For much of last year, the government resisted MPs’ calls for full reinstatement of virtual participation in House of Commons proceedings. In this post, Daniel Gover and Lisa James review the development of the ‘hybrid Commons’. They argue that full virtual participation, including remote voting, must now be reinstated, and that recent events reveal broader problems of government control over the Commons agenda.

Last spring, the House of Commons adapted quickly and successfully to the challenges presented by COVID-19. The so-called ‘hybrid Commons’ – combining in-person proceedings with simultaneous virtual participation – was one of the first responses of its type globally, and widely praised. But within weeks, the government unilaterally abandoned the virtual element, provoking anger amongst backbench MPs and violating the core parliamentary principle of the equality of all members. It was only on 30 December – well over six months later – that virtual participation in key debates was reinstated, while even now ministers refuse to restore remote electronic voting.

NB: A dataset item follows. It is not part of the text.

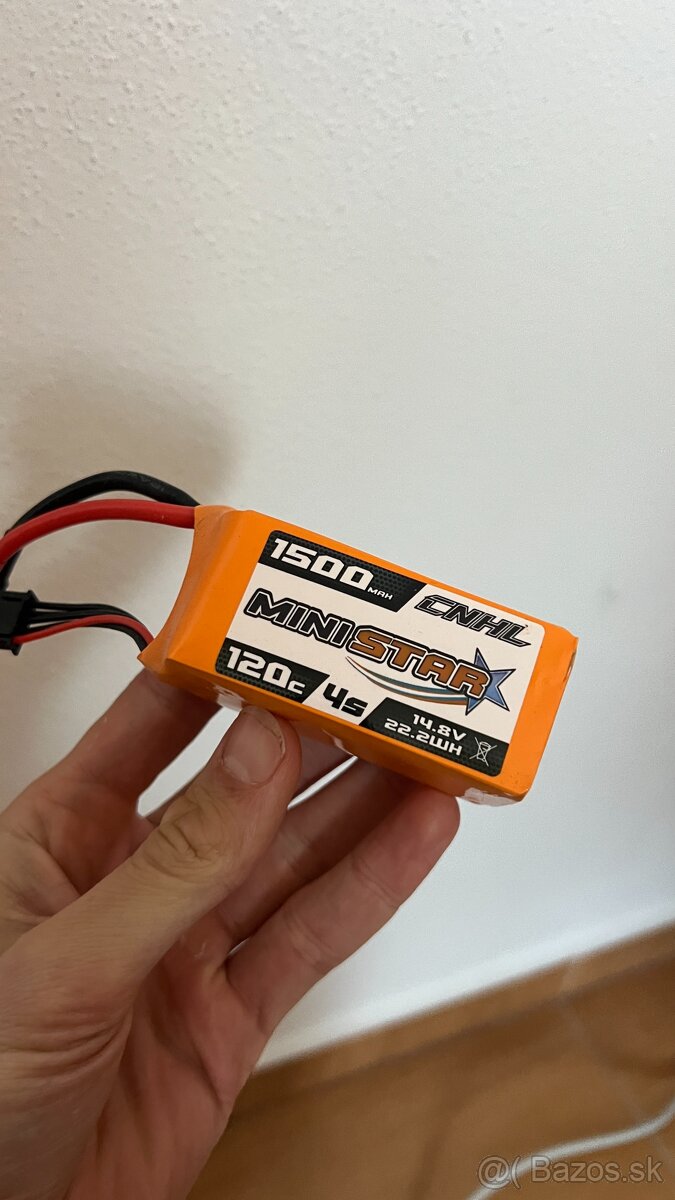 LiPo batérie pre FPV drony - 4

At the start of a new year, the UK’s public health crisis is at least as serious as it was at the beginning of the pandemic, and this will continue to restrict physical participation at Westminster. It is therefore essential that MPs be enabled to participate virtually in as wide a range of Commons proceedings as possible – including in remote divisions. The fact that ministers have been able to block this until now also reveals deeper problems with the House of Commons’ governance, and where power lies, which should urgently be addressed.

The development and collapse of hybrid arrangements

In March and April, consensus between the parties produced rapid adoption of new systems to enable parliament to perform its essential functions. The Commons first authorised its select committees to meet virtually, followed by hybrid arrangements for the Commons chamber itself – initially for ‘scrutiny’ proceedings (questions and statements), followed by ’substantive’ business (motions and bills). Soon after, intensive work began on an electronic voting system, with the first ever online Commons division held in mid-May.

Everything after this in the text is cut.